» Short text fragments from websites:
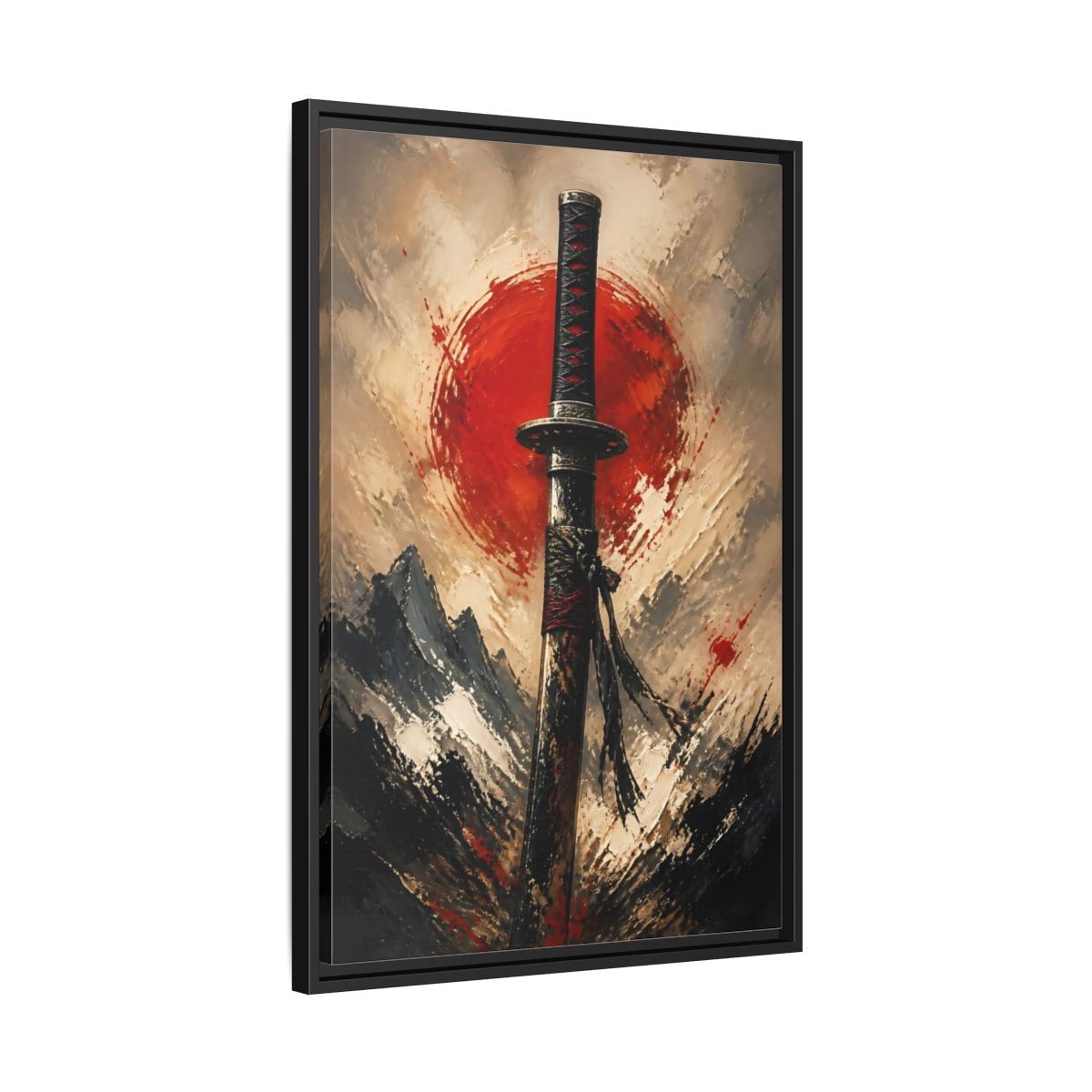 Side Mockup 14. Samurai Sword Red Sun shown as framed canvas print
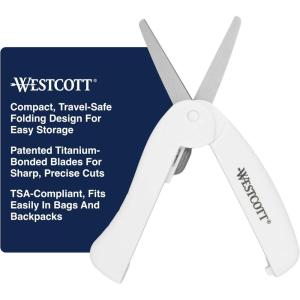 imageWestcott Travel Safe TitaniumBonded Mini Folding Scissors for Fabric and Paper TSA Compliant and Portable for Crafting Sewing Supplies ampamp MoreFolding Scissors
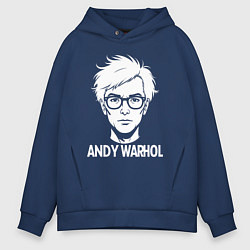 Толстовка оверсайз мужская Энди Уорхол в аниме стиле, цвет: тёмно-синий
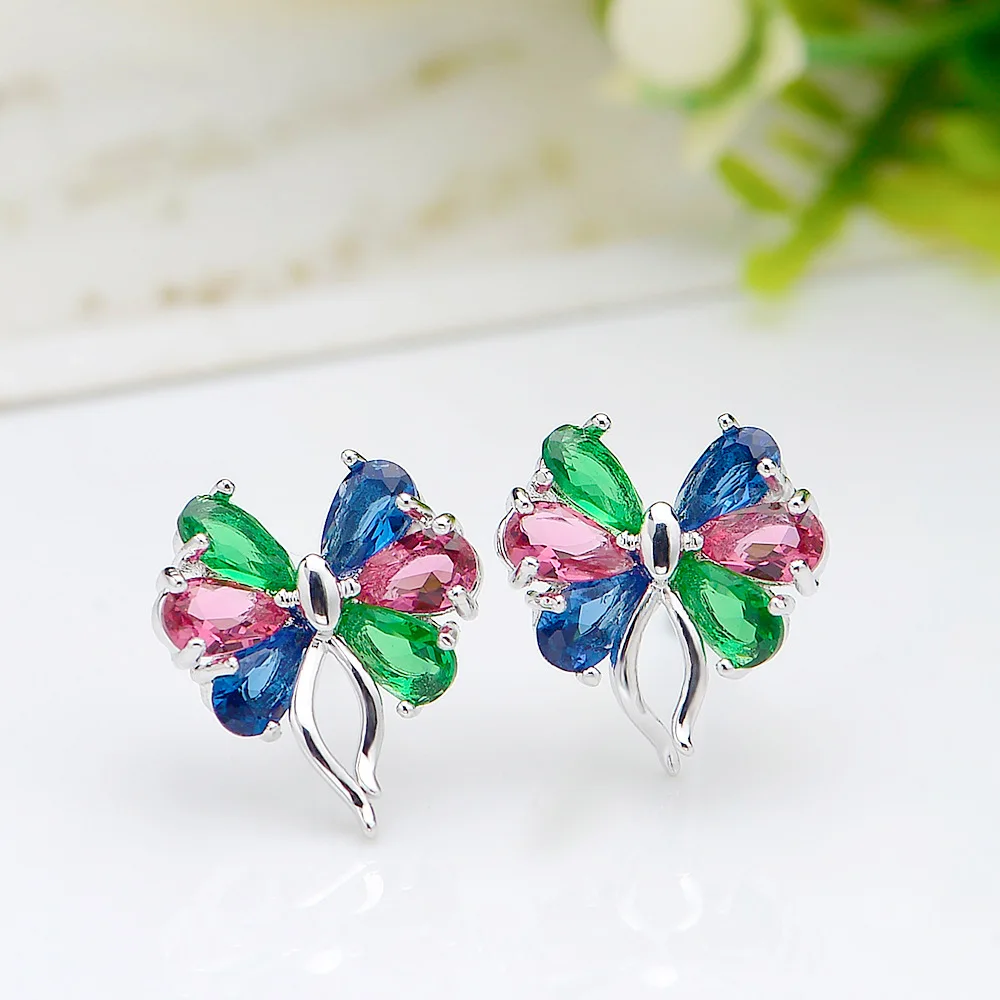 

Colorful elves earrings white gold filled bowknot stud earrings girls christmas gift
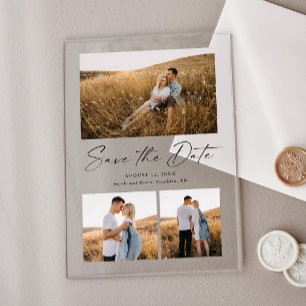 Modern Script 3 Photo Wedding Save the Date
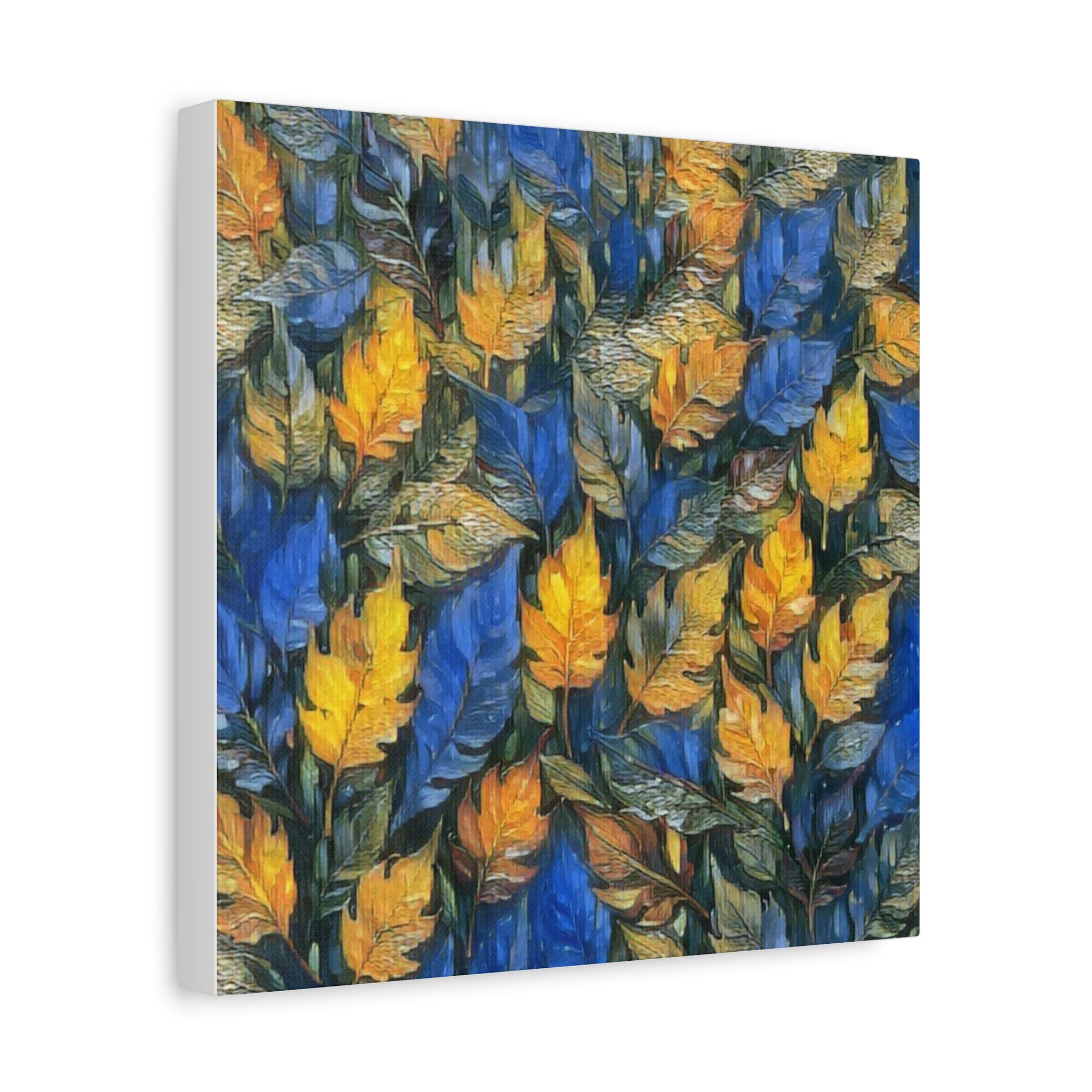 Blue and Gold Leaf - Canvas Wall Art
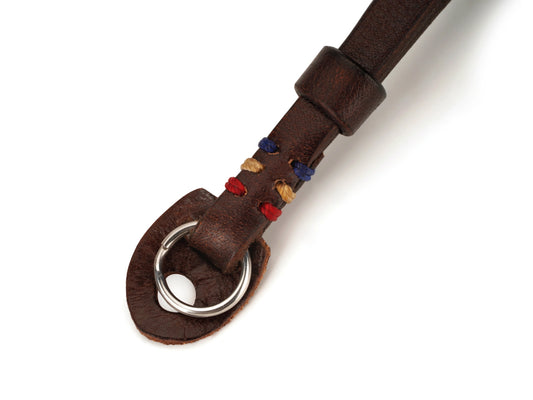 Cowhide Leather Camera Wrist Strap with Colored Thread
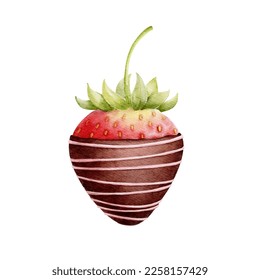 Watercolor dark chocolate dipped strawberry. Valentines day concept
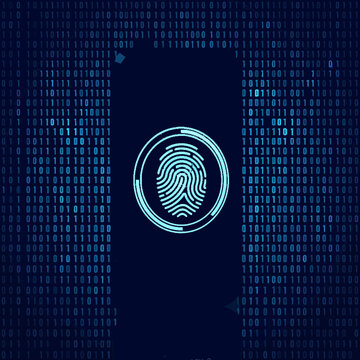 Digital Biometric Fingerprint Scan for Cyber Security and Data Privacy Authentication with Binary Code Background for Software Interface and Technology Flexible Layout Design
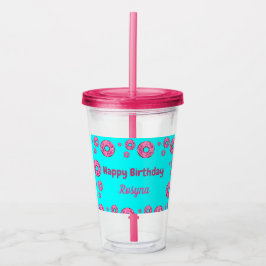 Blåblått av kräm från grattis på födelsedagen rosa take away mugg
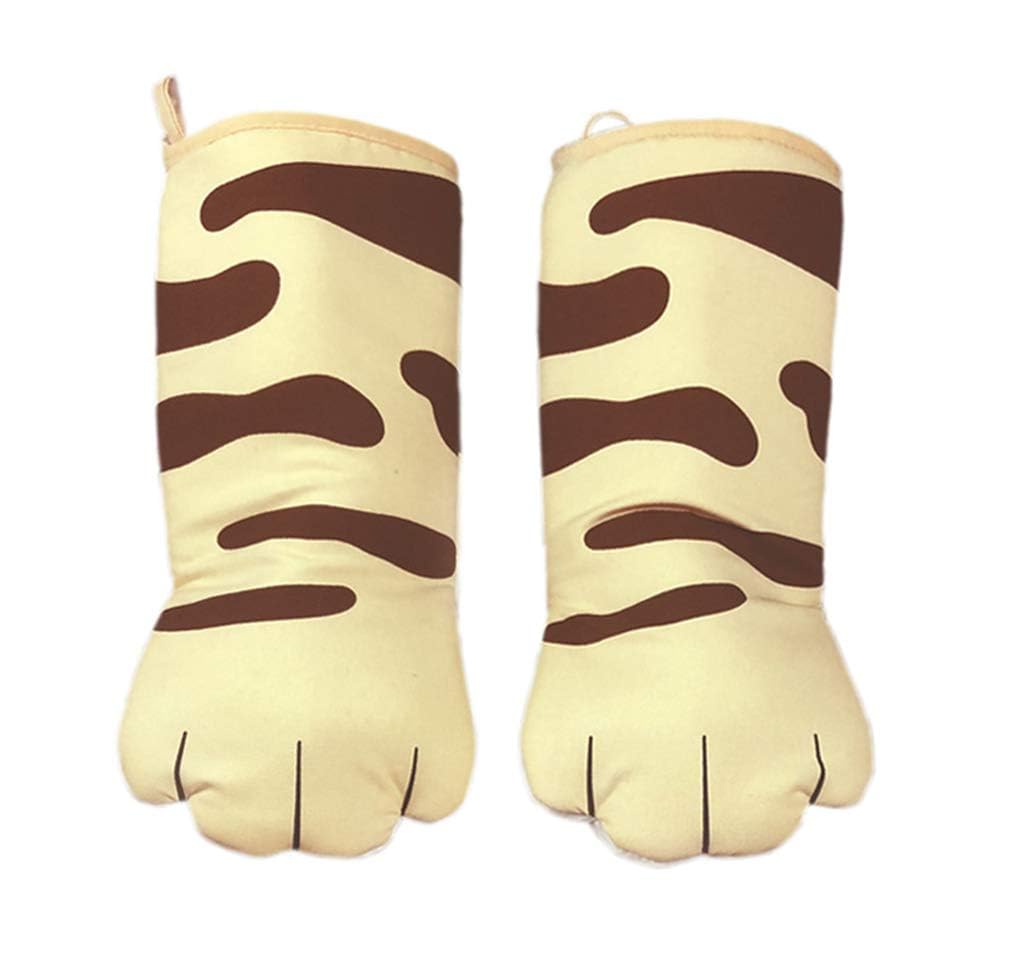 Oven Mitts Kitchen Cooking Baking Heat Resistant Cat Glove, 1 Pair Claw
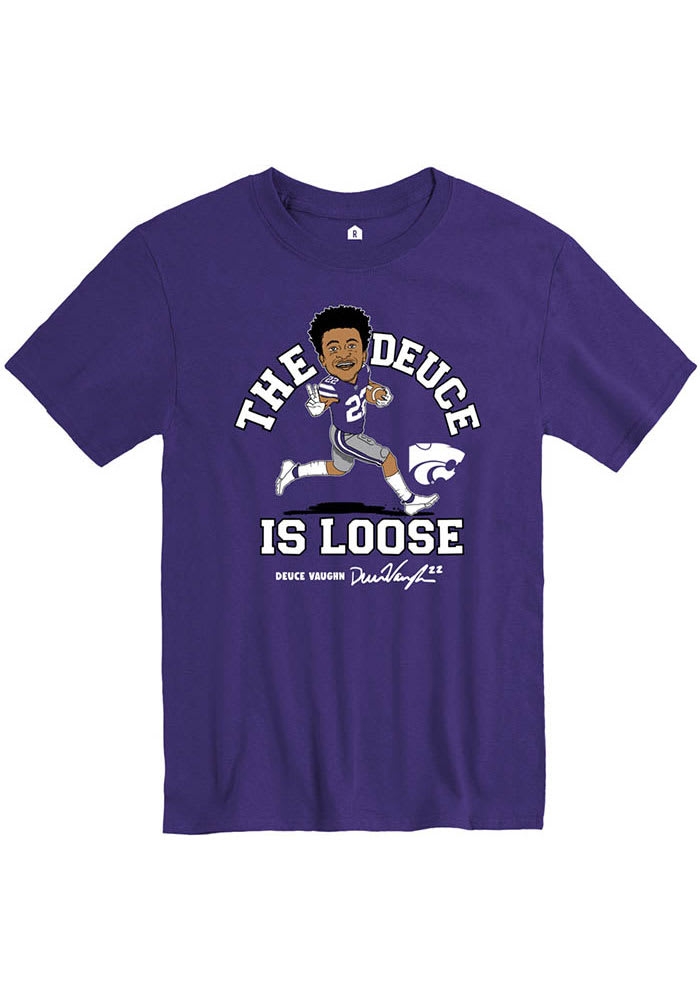 Deuce Vaughn K-State Wildcats Purple Caricature Football Short Sleeve Player T Shirt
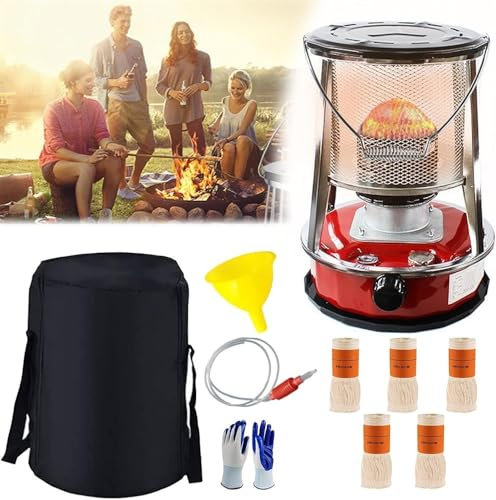 BomDog Estufa de Petróleo para Camping,Quemador de Queroseno,Sin Electricidad,Estufa de Parafina para Interior,Exterior,Patio,Hogar/4.6L-Red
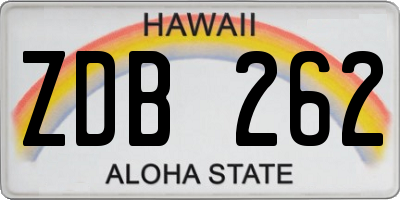 HI license plate ZDB262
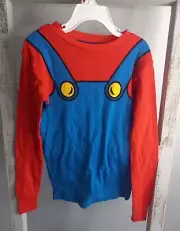 Super Mario T-Shirt Youth Kid Sz 8 - Long Sleeve w Tags Red Blue - NEW Tags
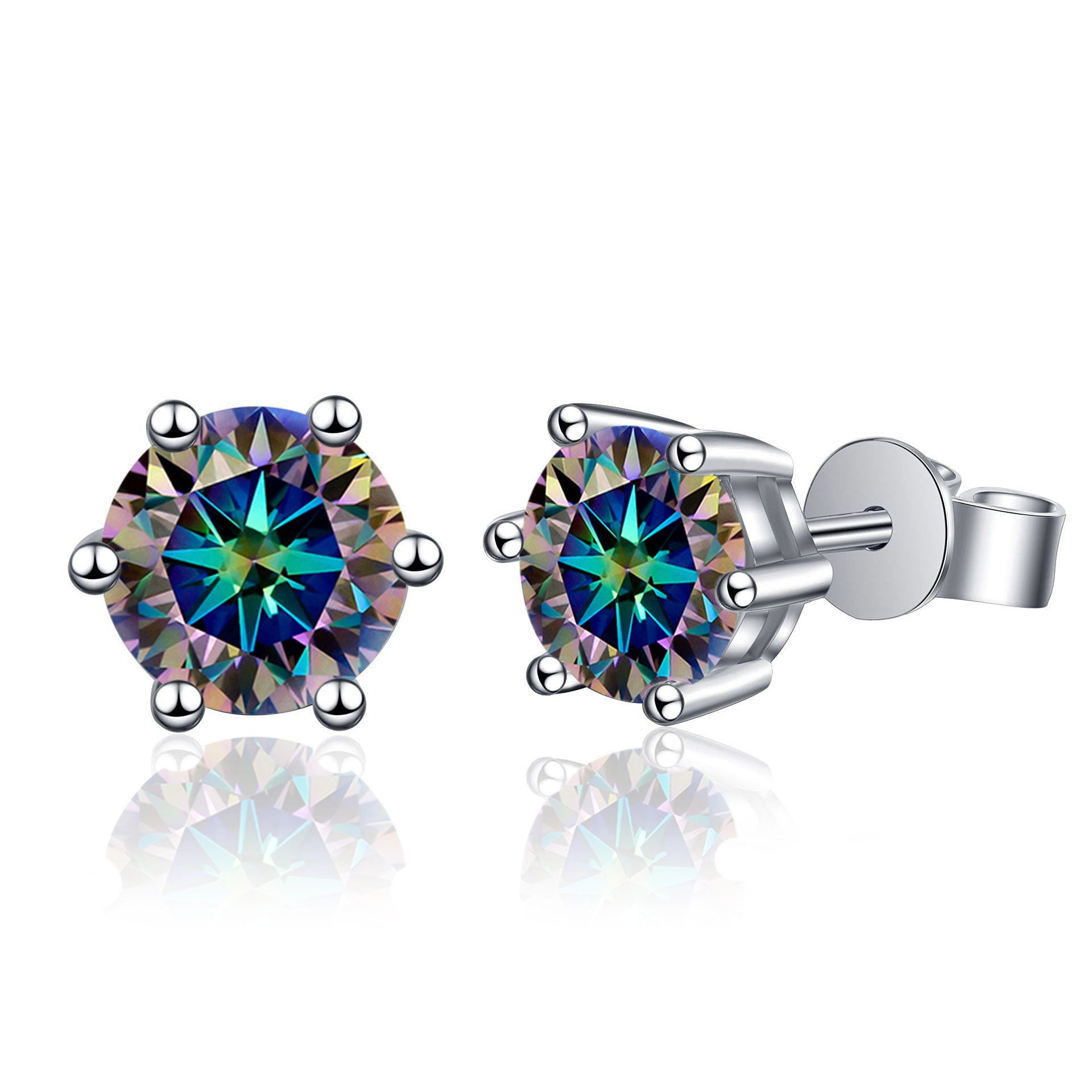 Classic Six-Claw Moissanite Stud Earrings for Women, 925 Sterling Silver with Gold Plating, Timeless Fashion & Elegant Temperament Luxury Jewelry for Daily Wear & Gifting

» AIM OF THE EXERCISE: Retyping should start at the first line of the data above and stop after the line with "Digital Biometric Fingerprint", and no picture should be included.

» SOLUTION TO THIS EXERCISE:
 Side Mockup 14. Samurai Sword Red Sun shown as framed canvas print
 imageWestcott Travel Safe TitaniumBonded Mini Folding Scissors for Fabric and Paper TSA Compliant and Portable for Crafting Sewing Supplies ampamp MoreFolding Scissors
 Толстовка оверсайз мужская Энди Уорхол в аниме стиле, цвет: тёмно-синий

Colorful elves earrings white gold filled bowknot stud earrings girls christmas gift
 Modern Script 3 Photo Wedding Save the Date
 Blue and Gold Leaf - Canvas Wall Art
 Cowhide Leather Camera Wrist Strap with Colored Thread
 Watercolor dark chocolate dipped strawberry. Valentines day concept
 Digital Biometric Fingerprint Scan for Cyber Security and Data Privacy Authentication with Binary Code Background for Software Interface and Technology Flexible Layout Design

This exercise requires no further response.